Most of us have been taught the value of a healthy smile from the time that we were young. We begin an oral care routine as babies, when our caregivers rub our gums with a soft damp cloth, and later we learn to open wide to have our teeth brushed twice a day when they begin to erupt. These habits are so important for shaping the way we think about oral health and the importance that we place on it throughout our lives. Brushing twice a day and flossing once a day is the standard to which most of us are personally accountable to, but what if we could be doing more to keep our teeth healthy? After all, this generation is among the first generation that can expect to keep their natural teeth for the duration of their entire lives!
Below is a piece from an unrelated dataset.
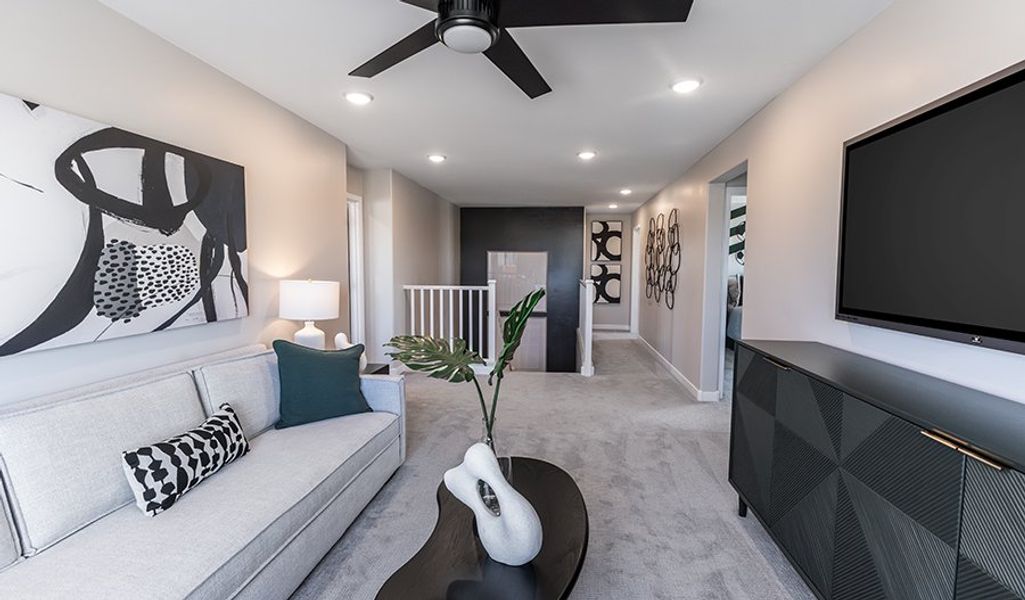 Furnished interior in a model home at Desert Bloom at Monarch in Marana (Image 9).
To keep your teeth healthy and strong, consider these tips:
One of the most requested services in a dental clinic these days is tooth whitening. Many patients have had great success with professional peroxide-based bleaches, but it does come with some tradeoffs. First, tooth bleaches have the potential to cause temporary discomfort and this cosmetic service does come at a cost. What if you could prevent the need for tooth whitening altogether?
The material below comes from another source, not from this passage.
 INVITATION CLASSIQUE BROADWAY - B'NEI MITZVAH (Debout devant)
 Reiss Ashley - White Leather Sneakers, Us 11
By limiting stainers such as red wine, coffee, tea and smoke, your teeth are less likely to become stained and what natural staining does occur can be remedied with regular professional cleanings. The deep red of red wine combined with its acidic nature can noticeably stain teeth since the acidic properties attack the enamel of the teeth while the tannins in the wine deposits stains. Staining is particularly evident where tartar has accumulated along the gum line, as the tartar takes on the colour of the wine. Choosing a white wine or another clear beverage with less acidity can benefit your teeth in the long run.
Similarly, coffee and tea can stain the surfaces of your teeth the same way the inside of a tea cup shows staining. Opting for a herbal tea such as peppermint or chamomile will keep staining at bay. If you can’t give up that morning cup of coffee, consider instead drinking an iced coffee with a straw. Drinking through a straw allows staining liquids to bypass the majority of the teeth and promotes a whiter smile.
Finally, we know we don’t have to list the reasons why your body will thank you for cutting the smoking habit out of your life. Removing this habit from your daily lifestyle will eliminate its harsh effects on your systemic health, as well as will keep the staining from tar away from the teeth.
Many of our patients believe that brushing well means brushing aggressively, and we’re here to tell you that isn’t true. In fact, brushing too aggressively can have a negative effect on your smile. Teeth are covered with a very hard layer of enamel, the protective coating that prevents decay and sensitivity. Enamel is a very important part of your tooth health, and we should take good care of it since it does not regenerate once lost.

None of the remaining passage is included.